What is needed |
Beginning with the line that contains "Biker Son Like A Normal Son Only Much Cooler", restate each line below through the final one exactly, and exclude the pictures.

Given information |
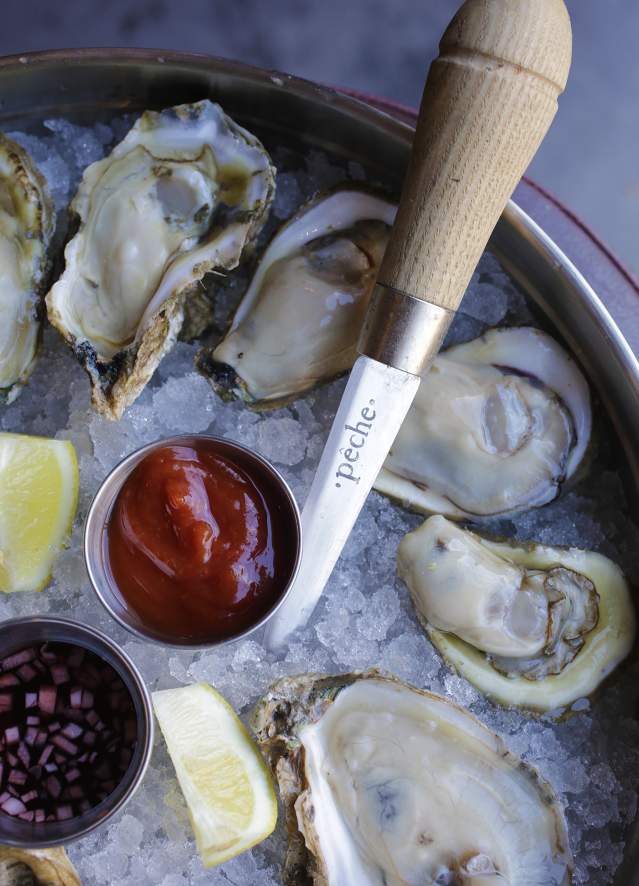 Peche Oysters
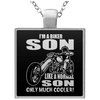 Biker Son Like A Normal Son Only Much Cooler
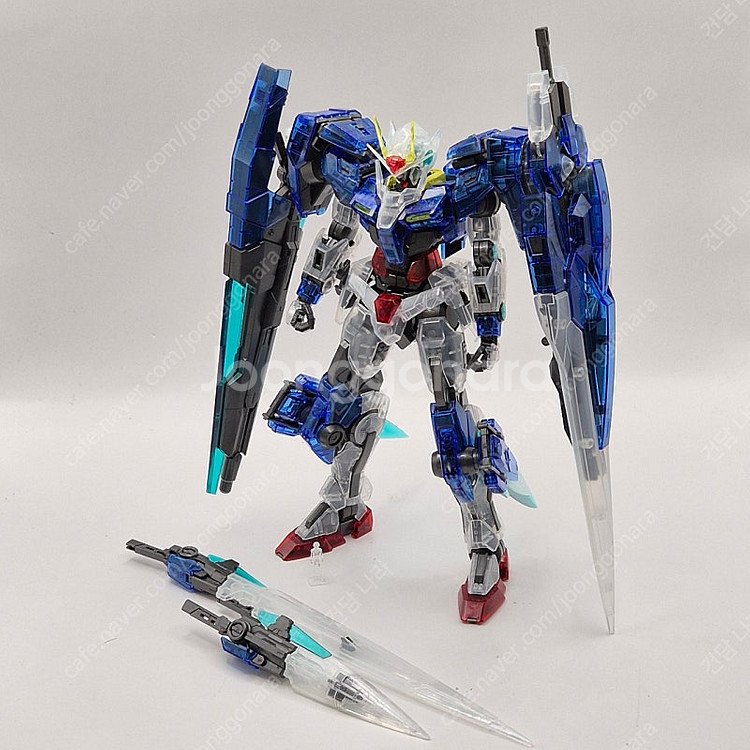 (최상) MG 더블오 건담 세븐 소드 클리어컬러 반다이 프라모델 건프라--3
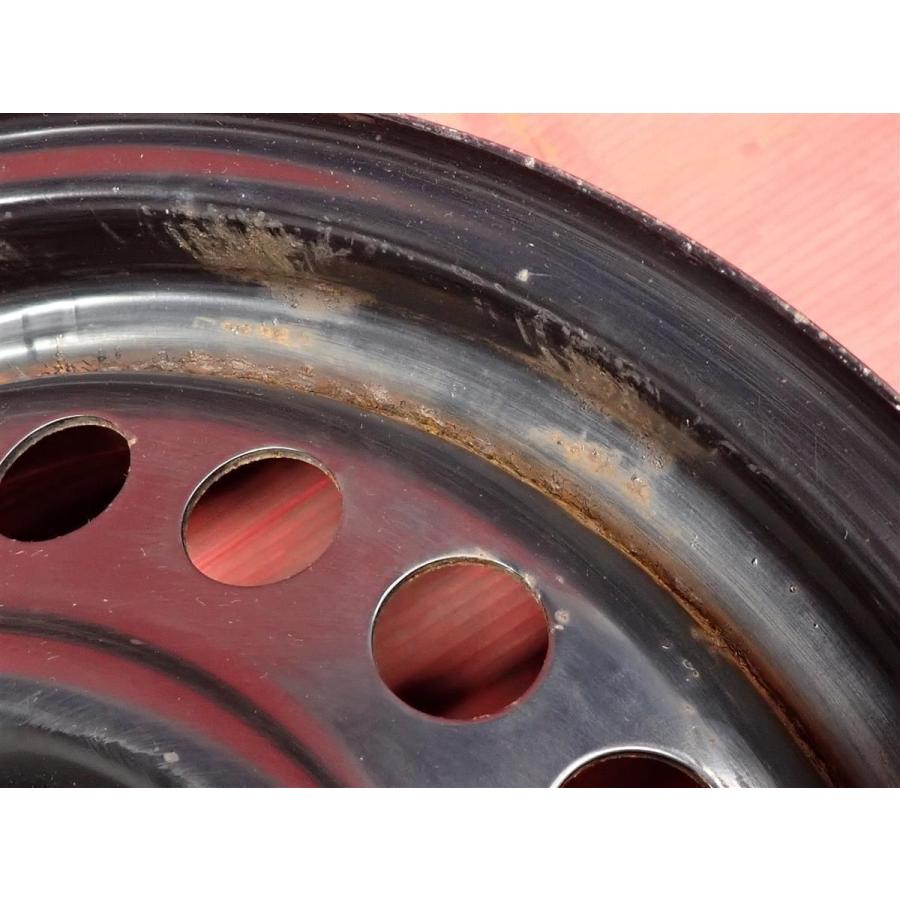 激安 中古 4本セット】 ホンダ フィット GD系 純正 スチール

Result of this exercise |
 Biker Son Like A Normal Son Only Much Cooler
 (최상) MG 더블오 건담 세븐 소드 클리어컬러 반다이 프라모델 건프라--3
 激安 中古 4本セット】 ホンダ フィット GD系 純正 スチール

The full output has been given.